When does a polynomial have only nonnegative real roots Is there a general criterion to determine whether a polynomial with rational coefficients has the property that all of its roots are real and nonnegative?
 A: The number of negative real roots of $p(x)$ is $m-2k$ for some $k=0,1,2,...$, where $m$ is the number of sign changes in the coefficients of the polynomial $q(x)=p(-x)$. So if this $q(x)$ has no sign changes in its coefficients then $p(x)$ can only have nonnegative real roots. 
Example: $p(x)=x^9-3x^4+7x-1$ gives $q(x)=-x^9-3x^4-7x-1$ with all coefficients negative, so that there are $m=0$ sign changes, causing $p(x)$ to have only nonnegative real roots. Here $p(x)$ itself has three sign changes, so it has 1 or 3 positive real roots.
This is called Descarte's rule of signs. Of course it might not determine anything at all about negative roots if there are sign changes in $q(x),$ since if $q(x)$ has an even number of sign changes then the number of negative roots $m-2k$ can be zero when $m$ is even.

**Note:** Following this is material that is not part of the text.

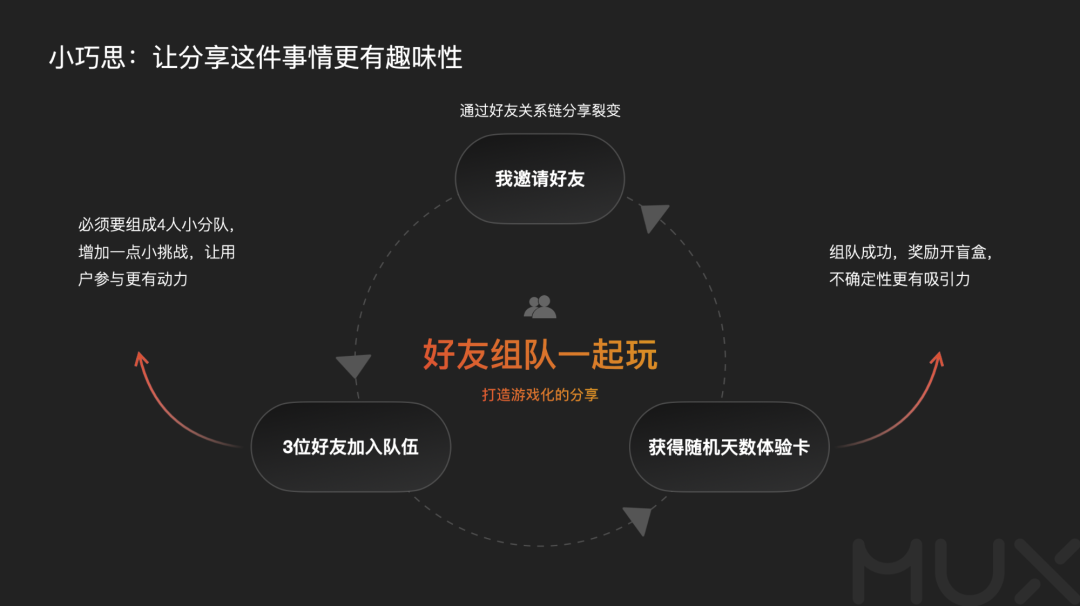 深挖运营类活动设计的奥秘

A: The full answer is a little complicated to type out. I suggest looking at Sturm's Theorem. The Sturm sequence of a polynomial $P(x)$ can be used  to determine the number of zeros of $P(x)$ in a given interval. It is a crucial element in Tarski's decision procedure for the truth in the reals of sentences of the elementary theory of fields.